Let the ganache cool to room temperature until it’s quite thick, then add a layer to each reserved sable cookie.  Refrigerate for 2 hours minimum.

Make the mousse. In a small bowl, mix gelatine and water (37ml) together and leave for 5 to 10 minutes until set. Meanwhile, in a sauce pan, mix together sugar, glucose (or corn syrup), water (67ml) and salt. Cook on medium high heat until you achieve a caramel syrup with deep amber color. Do not allow it to smoke or burn. Meanwhile, in another sauce pan, slightly the heat the 190 grams heavy cream, so when the caramel is done you can pour the cream right away. Carefully pour it in and mix well until fully combined 

In another bowl, whisk the egg yolks. Then add a third of the caramel to the beaten yolks and beat quickly together to temper the yolks. Pour the mixture back into the caramel and stir well to combine. Continue stirring until it reaches 180-182 °F. Heat the gelatine in the microwave for 20 seconds until melted (do not boil it, if needed reduce the power of your microwave to 70% or so) and mix into the caramel cream. Pass the cream through a fine mesh strainer, and set it aside to cool to 113 F (about 45 C).  When cooled, whisk the remaining heavy cream (375 g) into a stable, yet soft consistency (like yogurt). Then fold it in two additions into the caramel cream, until well combined. 
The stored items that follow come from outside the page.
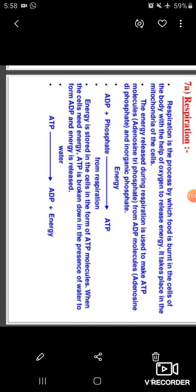Energy is stored in the cells in the form of ATP molecules. When the cells need energy, ATP is broken down in the presence of water to form ADP and energy is released.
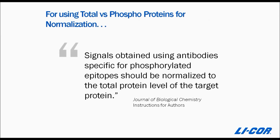And if you're using total versus phosphoproteins for normalization, they state: signals obtained using antibodies specific for phosphorylated epitopes should be normalized to the total protein level of the target protein.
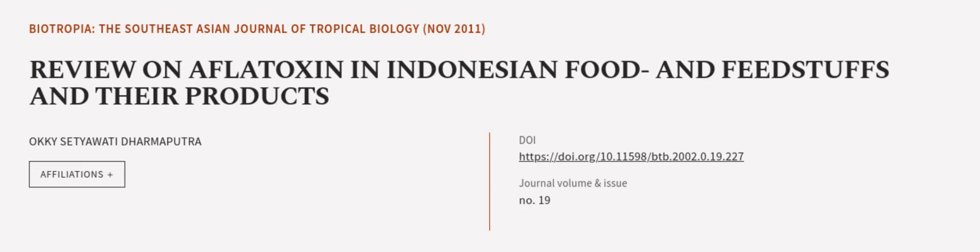These methods have successfully reduced aflatoxin content significantly. This article was authored by OKKY Setiawati Dharmaputra.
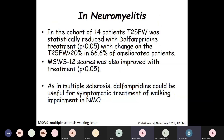Studies were also conducted on neuromyelitis optica and the role of Dalfampridine. In a small cohort of 14 patients, the timed 25-foot walk test showed more than 20% improvement in about 66.6% of patients with neuromyelitis optica, and the multiple sclerosis walking scale also improved with treatment. Thus, Dalfampridine could be useful for symptomatic treatment of walking impairment in NMO as well.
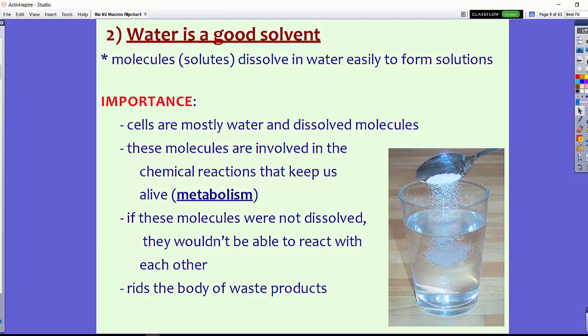If the molecules were not dissolved, they wouldn't be able to react with each other, so there would be no chemical reactions in the body — and basically, you wouldn't be alive. Because water is able to dissolve a whole lot of other molecules, this is what keeps these chemical reactions going. Water also rids the body of waste products. It's very important to continuously drink water throughout the day because your body uses it to flush out toxins and waste products. Without enough water, you wouldn't be able to go to the bathroom, and without that, you don't get rid of waste products.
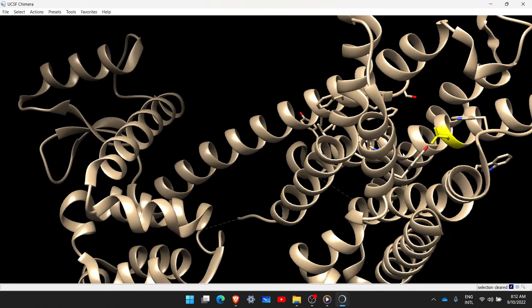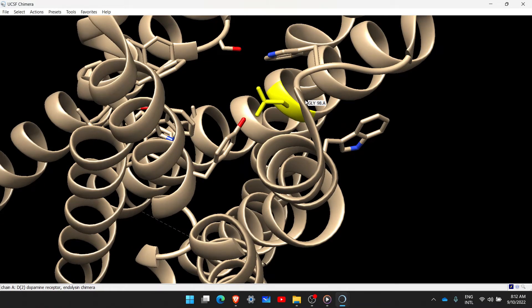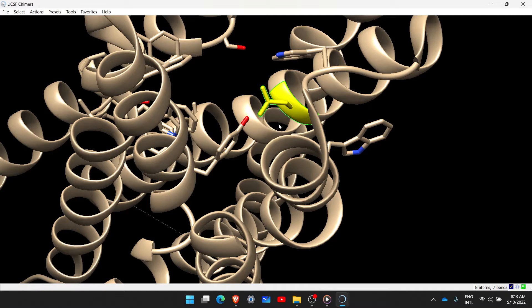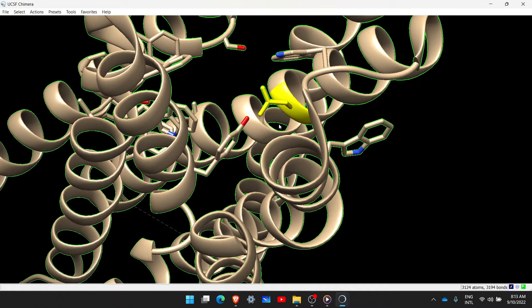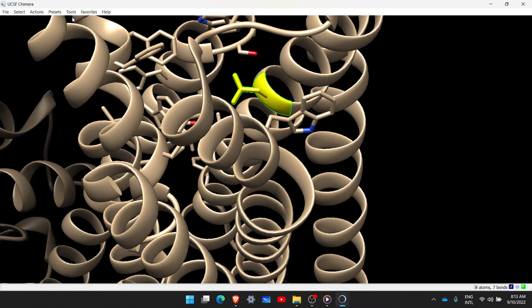Before we proceed, there is another way to select a particular amino acid in Chimera using the mouse and the Control button. Hold the Control button and left-click on any part of the amino acid you want. Once selected, keep Control held and press the Up arrow once — it will select the entire amino acid. Press Up arrow again and it selects the entire alpha helix; once more and it selects the entire protein. For our purpose, we just select the single amino acid we want to replace.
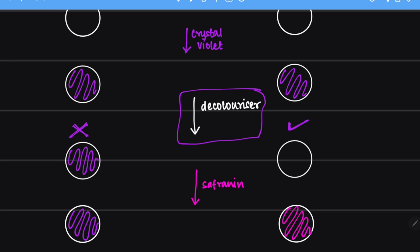So for this, we will have to go back to the structure of the gram positive and the gram negative bacteria which we have already discussed in the previous video.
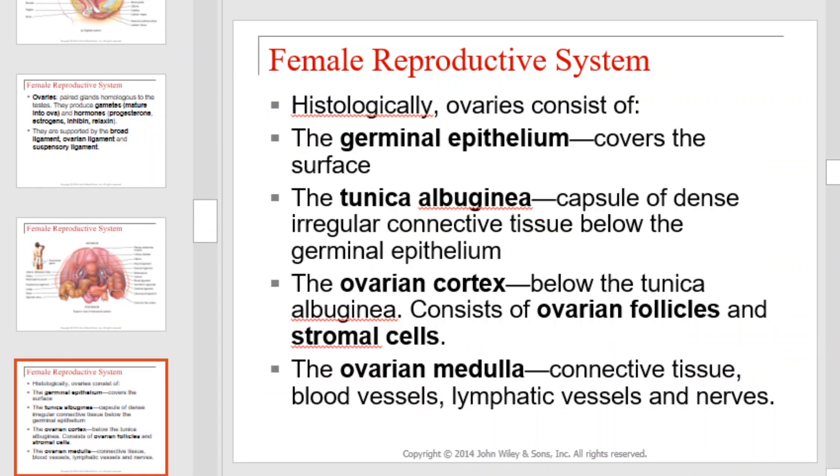Histologically, ovaries consist of germinal epithelium, which covers their surface; the tunica albuginea, which is a capsule of dense irregular connective tissue below the germinal epithelium; the ovarian cortex, below the tunica albuginea, which consists of ovarian follicles and stromal cells; and the ovarian medulla, which is connective tissue, blood vessels, lymphatic vessels, and nerves.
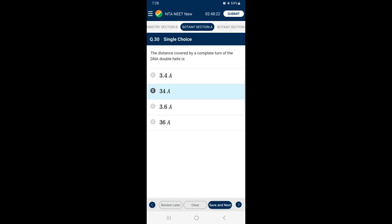Question 31: The sexual stages of the malarial parasite are seen in — the malarial parasite requires two hosts, humans and mosquitoes, to complete its life cycle. The female Anopheles mosquito is the vector or transmitting agent. Plasmodium enters the human body as sporozoites through the bite of an infected female Anopheles mosquito. The parasites multiply within liver cells and then attack red blood cells, causing rupture. The rupture of RBCs releases hemozoin, responsible for chills and high fever every 3–4 days. The answer is option C — the asexual stage of the malarial parasite is seen in RBCs.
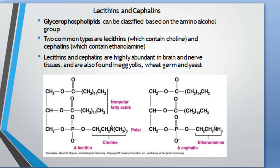The two major types are the lecithins and the cephalins. Lecithins are those in which the amino alcohol group is choline, and cephalins are glycerophospholipids that contain ethanolamine as the amino alcohol group. Lecithins and cephalins are highly abundant in brain and nerve cells, tissues, and are also found in egg yolk, wheat germ, and yeast. The simple structures of a lecithin and a cephalin are shown in the video.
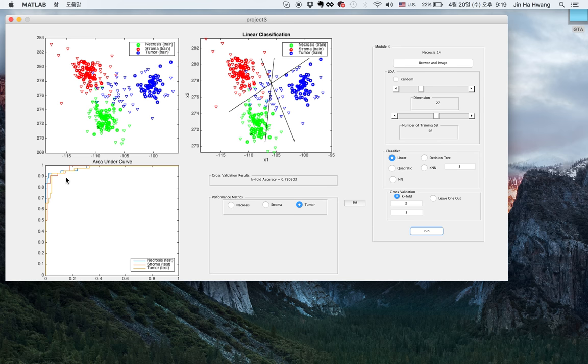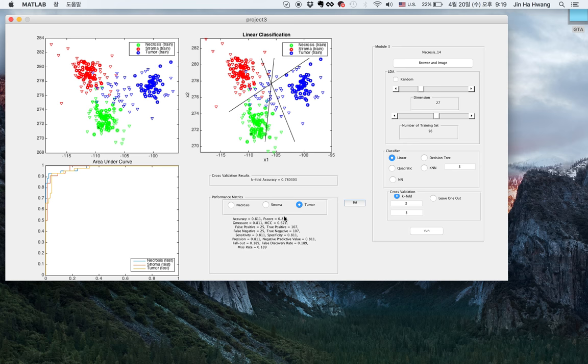This is the area under the curve, and we have an accuracy of 78%. If you press this, it will give you the performance matrix results for tumor, stroma, and necrosis.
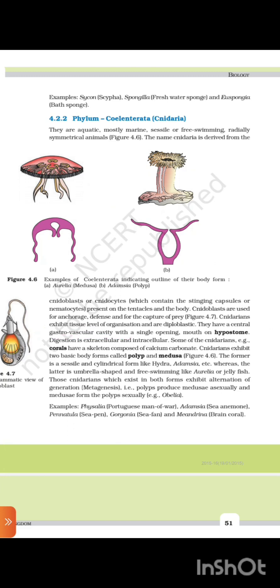They have a central gastrovascular cavity with a single opening, the mouth on hypostome. Digestion is extracellular and intracellular. Some cnidarians, for example corals, have a skeleton composed of calcium carbonate. Cnidarians exhibit two basic body forms: the polyp and medusa. The polyp is a sessile and cylindrical form like Hydra and Adamsia, while the medusa is umbrella-shaped and free-swimming like Aurelia or jellyfish. Those cnidarians which exist in both forms exhibit alternation of generation, or metagenesis.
Assembling the cake. Set the bottom part of your Silikomart mold (white part) on a baking dish that will fit in your freezer.  Pour a third of the mousse into the Silikomart mold and tap it on the table to level the surface and destroy large air bubbles. Carefully insert one of the cookies right in the middle, with chocolate side facing down. Add the upper part of your Silikomart mold and make sure it’s locked in place.  Add the rest of the mousse on top of that, but reserve some to fill in the sides and top. Place the second cookie, chocolate side down on the top and pipe the remaining mousse around the edges. Use a small spatula to secure the cream on top. Freeze overnight.

Make the mirror glaze. Put the water, sugar and liquid glucose in a small pan and bring to simmering point, stirring occasionally to dissolve the sugar. Remove from the heat and let it stand for about 5 minutes. This is the base syrup for the glaze.  Meanwhile, soak the gelatine in some cold water for about 5 minutes. Squeeze out the excess water and stir into the hot water, sugar and liquid glucose mixture to dissolve. Stir in the condensed milk and the coffee extract.
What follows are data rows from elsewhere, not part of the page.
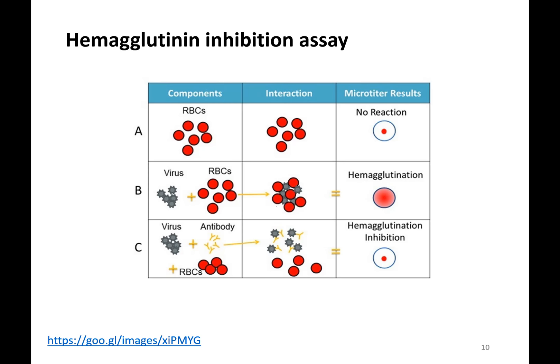Let's finish the discussion about the techniques used in this paper. Hemagglutinin inhibition assay is sometimes referred to as the hemagglutinin assay, the hemagglutinin inhibition assay, and sometimes just HI. As far as I know, it all means the same thing. Here's the basis of this assay.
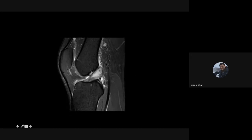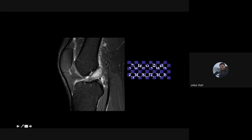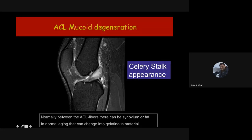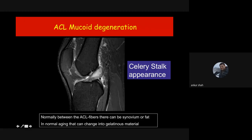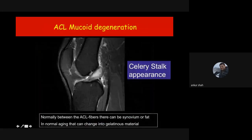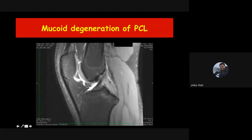When you see an enlarged ACL with multiple fluid locules in its fibers, this is the celery stalk appearance, classical of mucoid degeneration of the ACL. The ligament is not torn — only swollen with fluid locules. It can be associated with adjacent cyst formation. Mucoid degeneration of the ACL occurs in patients without trauma, seen more in elderly individuals with degenerative changes, but increasingly seen in young individuals as well, causing significant pain particularly during flexion.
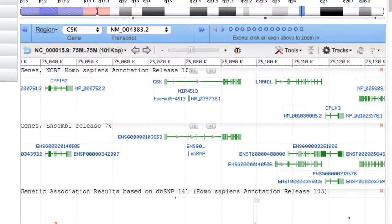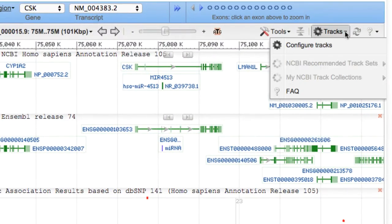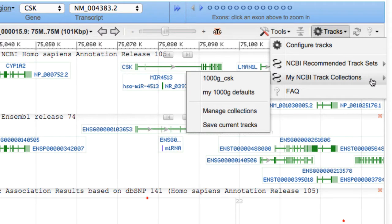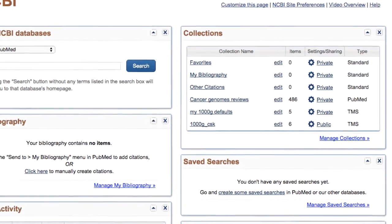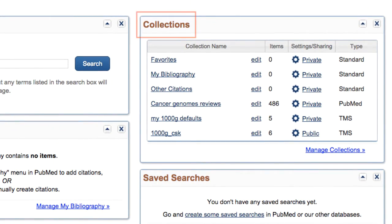This video introduces My NCBI Track Collections, a way to store, reuse, and share a set of tracks that you configure within one of NCBI's genome browsers. Track collections are stored in your My NCBI account, just like other collections, such as PubMed records.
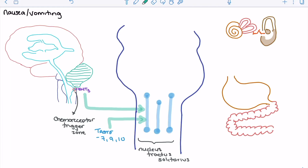Another area providing input is the chemoreceptors that live within the areas innervated by the vagus nerve, primarily our GI system. Vagal chemoreceptors can recognize toxins externally and send signals to the nucleus tractus solitarius to trigger nausea and vomiting. So we have chemoreceptors that live peripherally that can stimulate the vomiting center.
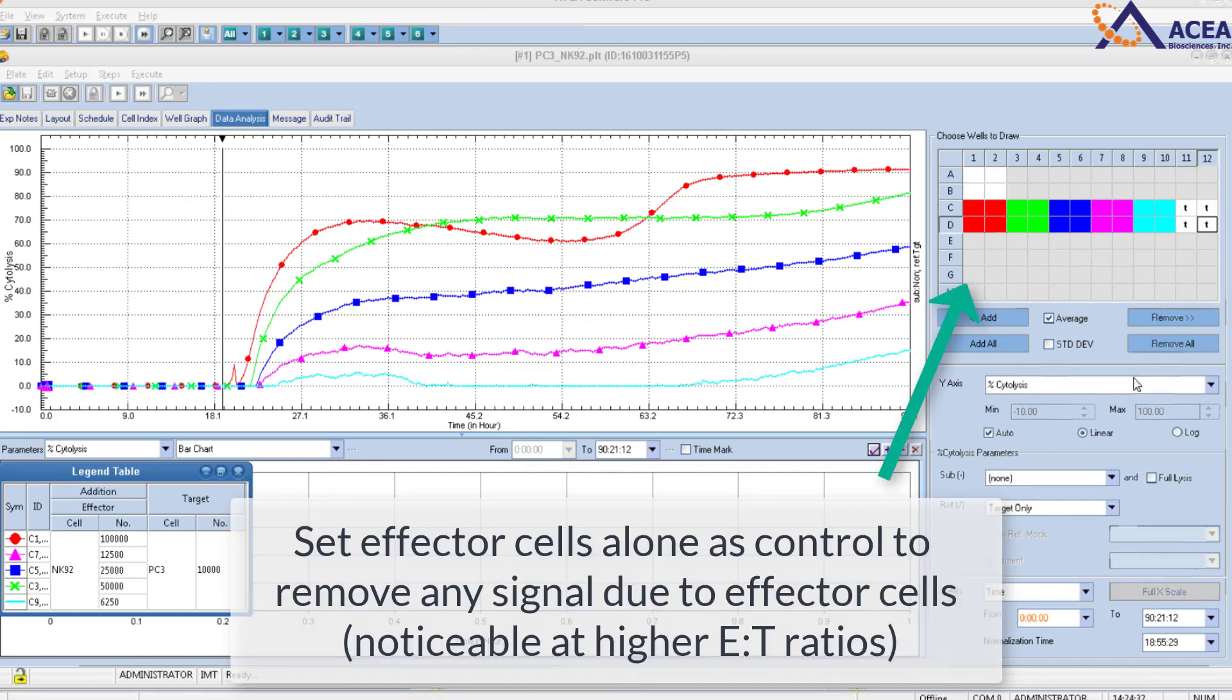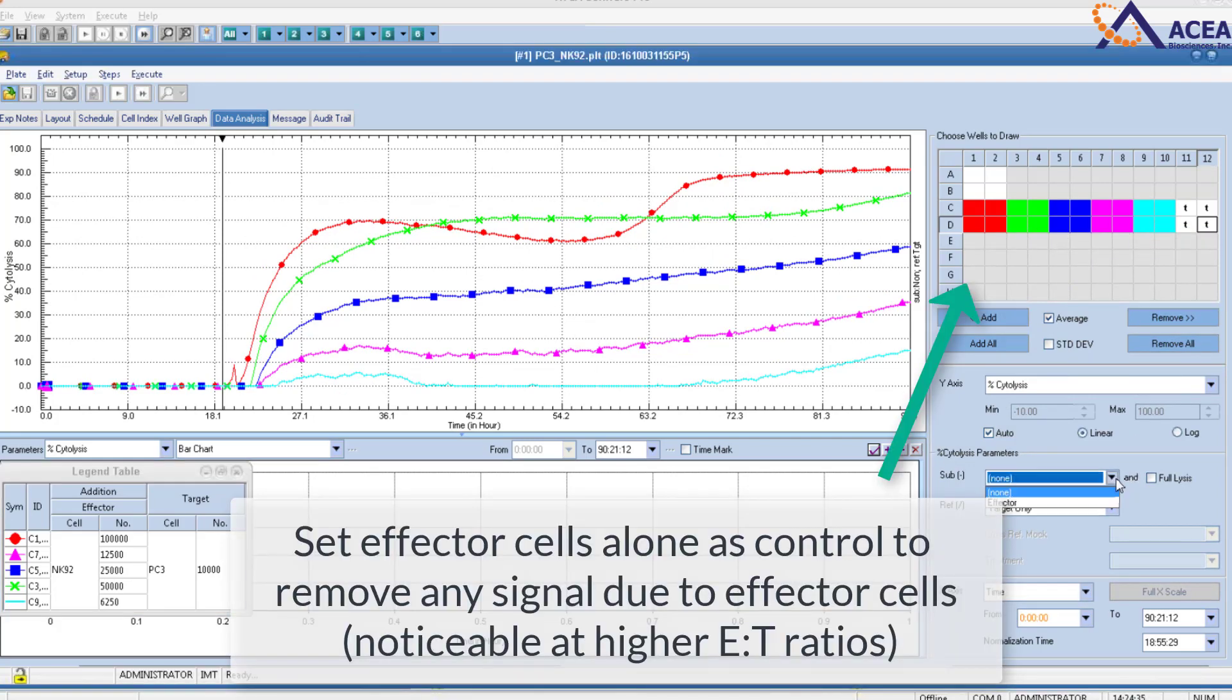Effector cells alone are set as a control to remove any signal due to effector cells, which may be noticeable at higher E to T ratios.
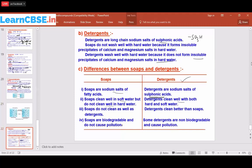Soaps are biodegradable and do not cause pollution. Some detergents, however, are non-biodegradable. Biodegradable means microorganisms such as bacteria or fungi can easily decompose the compound. Non-biodegradable means the substance persists in the environment for a long time — for example, if soaps degrade in two or three days but detergents persist for a year, they may react with other compounds and form harmful products, causing pollution.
Put the chocolate in a medium bowl and pour this hot mixture slowly over the chocolate, stirring gently to melt it, avoid making bubbles. A stick immersion blender works great, but you must keep the blades fully submerged at all times. If bubbles are present, pass the mixture through a fine sieve.
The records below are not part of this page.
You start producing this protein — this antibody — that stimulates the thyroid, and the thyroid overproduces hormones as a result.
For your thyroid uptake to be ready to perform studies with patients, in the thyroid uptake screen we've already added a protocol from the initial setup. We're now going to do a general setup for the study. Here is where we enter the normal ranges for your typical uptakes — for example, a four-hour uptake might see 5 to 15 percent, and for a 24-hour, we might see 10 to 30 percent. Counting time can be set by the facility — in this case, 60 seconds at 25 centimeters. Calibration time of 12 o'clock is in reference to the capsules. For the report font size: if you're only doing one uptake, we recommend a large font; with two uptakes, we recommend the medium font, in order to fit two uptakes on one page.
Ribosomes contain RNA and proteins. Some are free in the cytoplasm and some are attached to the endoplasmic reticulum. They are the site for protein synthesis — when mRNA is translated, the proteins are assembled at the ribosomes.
Leave the glaze uncovered for an hour at room temperature for the glaze to cooled and be slightly thickened: if it is too runny you will get too thin a layer on top, colours will not blend well and less glaze will cling to the sides of the cake. The ideal temperature to pour the glaze is 92 to 94 F. Once it is slightly above that (around 97 F), remove a small portion and add dark brown gel color to it, mixing well. Pour the un-dyed portion in a large measuring glass with a spout, add the dark brown mixture to it, mix with a chopstick just barely.  Make sure it is at the correct pouring temperature. Remove the cake from the freezer, place on a rack over a baking sheet. If you like to make it easier to save leftover glaze, cover the baking sheet with plastic wrap, so that you can lift it and pour easily into a container.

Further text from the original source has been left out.